In addition to training the model, we will save a version of the model (each epoch) with the best validation accuracy. During training watch for losses that are too small, the model may be overfitting.

Note: 
- Please change the epochs as necessary, taking into account both training time and resulting performance.
- Feel free to update the saved "Model Name", as to avoid overwriting previous iterations and experiments.

In [None]:
# Train the Model
model.train()
best_auc, best_epoch, best_model = 0, 0, model

for epoch in range(20):
    epoch_loss = 0


    for inputs, labels in train_loader:
        inputs, labels = inputs.to(device), labels.to(device)

        optimizer.zero_grad()
        outputs = model(inputs).squeeze()

        # Ensure outputs and labels are correctly shaped
        labels = labels.float()  # Ensure labels are float for BCELoss

        loss = criterion(outputs, labels)

        loss.backward()
        optimizer.step()

        epoch_loss += loss.item()

    # Evaluate the model after each epoch
    val_auc = evaluate(model, device, val_loader, criterion)
    scheduler.step()
    if val_auc > best_auc:
        best_auc = val_auc
        best_model = model
        best_epoch = epoch + 1

    # Print the results for each epoch
    print(f'Epoch: {epoch+1}, Train Loss: {epoch_loss:.4f}, Val. AUC: {val_auc:.4f}')

# Save the best model
torch.save(best_model.state_dict(), 'BestModel_' + str(best_epoch) + '.ckpt')
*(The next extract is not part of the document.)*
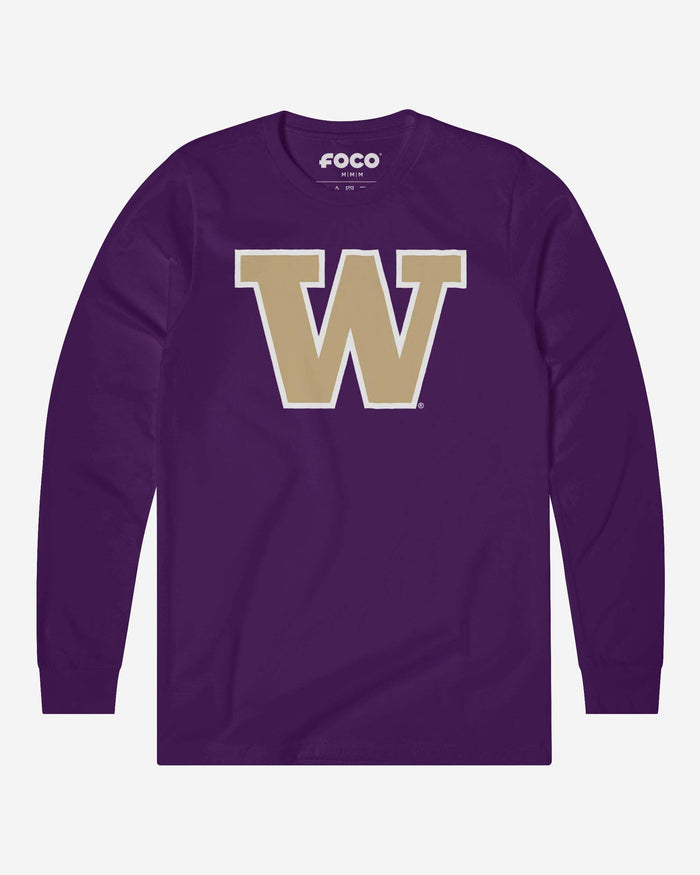 Washington Huskies Primary Logo Long Sleeve T-Shirt FOCO Team Purple S - FOCO.com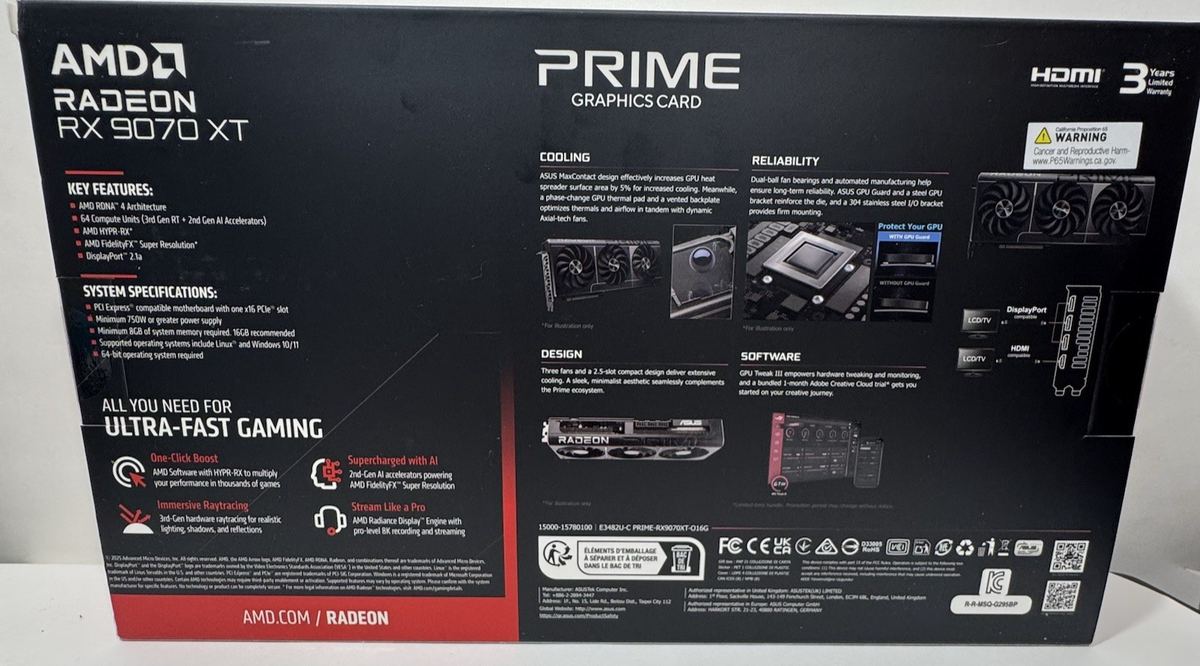 ASUS Prime Radeon RX 9070 XT OC Edition GPU Graphics Card ✓FREE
Epoch: 1, Train Loss: 25.0141, Val. AUC: 0.9801
Epoch: 2, Train Loss: 42.7203, Val. AUC: 0.9753
Epoch: 3, Train Loss: 24.9684, Val. AUC: 0.9767
Epoch: 4, Train Loss: 15.3840, Val. AUC: 0.9871
Epoch: 5, Train Loss: 9.4232, Val. AUC: 0.9913


## Model Testing

Test the model (against the test dataset), the result of this cell will be an excel spreadsheet that can be submitted to the [Zindi Competition](https://zindi.africa/competitions/miia-pothole-image-classification-challenge/submit).

In [None]:
# Function for testing the model
def test(model, device, test_loader):
    model.eval()
    test_probs = []

    with torch.no_grad():
        for inputs, _ in test_loader:
            inputs = inputs.to(device)
            outputs = model(inputs)
            # Get probabilities for the positive class
            probs = outputs.sigmoid().cpu().numpy()
            test_probs.extend(probs.squeeze())

    return test_probs

# Load the Test DataSet
test_dataset = CustomDataset(csv_file=test_path, root_dir=data_path, transform=val_transform)
test_loader = DataLoader(test_dataset, batch_size=64, shuffle=False)

# Test the model
test_probs = test(best_model, device, test_loader)

# Save the results to a CSV file
test_images = [test_dataset.annotations.iloc[idx, 0] for idx in range(len(test_dataset))]
test_results = pd.DataFrame({'Image_ID': test_images, 'Label': test_probs})
test_results.to_csv(r'D:\MMAI\MMAI894\Zindi\out\test-results-01.csv', index=False)